[Start of section]

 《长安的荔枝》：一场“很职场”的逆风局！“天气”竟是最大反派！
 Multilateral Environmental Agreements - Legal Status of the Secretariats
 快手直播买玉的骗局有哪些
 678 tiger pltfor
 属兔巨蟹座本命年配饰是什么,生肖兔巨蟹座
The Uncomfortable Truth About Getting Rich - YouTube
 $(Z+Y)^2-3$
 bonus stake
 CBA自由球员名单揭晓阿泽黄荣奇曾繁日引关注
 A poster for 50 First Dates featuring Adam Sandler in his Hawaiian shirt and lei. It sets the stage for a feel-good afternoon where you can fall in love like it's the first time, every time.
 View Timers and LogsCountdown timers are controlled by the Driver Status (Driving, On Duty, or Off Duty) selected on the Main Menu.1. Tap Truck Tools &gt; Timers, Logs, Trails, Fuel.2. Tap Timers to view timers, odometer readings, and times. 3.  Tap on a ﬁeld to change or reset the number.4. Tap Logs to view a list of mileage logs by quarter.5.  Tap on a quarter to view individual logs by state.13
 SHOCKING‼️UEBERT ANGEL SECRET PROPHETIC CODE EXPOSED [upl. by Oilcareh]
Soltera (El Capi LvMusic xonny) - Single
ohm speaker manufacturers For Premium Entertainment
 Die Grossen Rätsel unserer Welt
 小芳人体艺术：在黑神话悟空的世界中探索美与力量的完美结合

[End of section]

● PROBLEM TO WORK ON:
For this exercise, return the material above in full and exactly.

● ANSWER BELOW:
 《长安的荔枝》：一场“很职场”的逆风局！“天气”竟是最大反派！
 Multilateral Environmental Agreements - Legal Status of the Secretariats
 快手直播买玉的骗局有哪些
 678 tiger pltfor
 属兔巨蟹座本命年配饰是什么,生肖兔巨蟹座
The Uncomfortable Truth About Getting Rich - YouTube
 $(Z+Y)^2-3$
 bonus stake
 CBA自由球员名单揭晓阿泽黄荣奇曾繁日引关注
 A poster for 50 First Dates featuring Adam Sandler in his Hawaiian shirt and lei. It sets the stage for a feel-good afternoon where you can fall in love like it's the first time, every time.
 View Timers and LogsCountdown timers are controlled by the Driver Status (Driving, On Duty, or Off Duty) selected on the Main Menu.1. Tap Truck Tools &gt; Timers, Logs, Trails, Fuel.2. Tap Timers to view timers, odometer readings, and times. 3.  Tap on a ﬁeld to change or reset the number.4. Tap Logs to view a list of mileage logs by quarter.5.  Tap on a quarter to view individual logs by state.13
 SHOCKING‼️UEBERT ANGEL SECRET PROPHETIC CODE EXPOSED [upl. by Oilcareh]
Soltera (El Capi LvMusic xonny) - Single
ohm speaker manufacturers For Premium Entertainment
 Die Grossen Rätsel unserer Welt
 小芳人体艺术：在黑神话悟空的世界中探索美与力量的完美结合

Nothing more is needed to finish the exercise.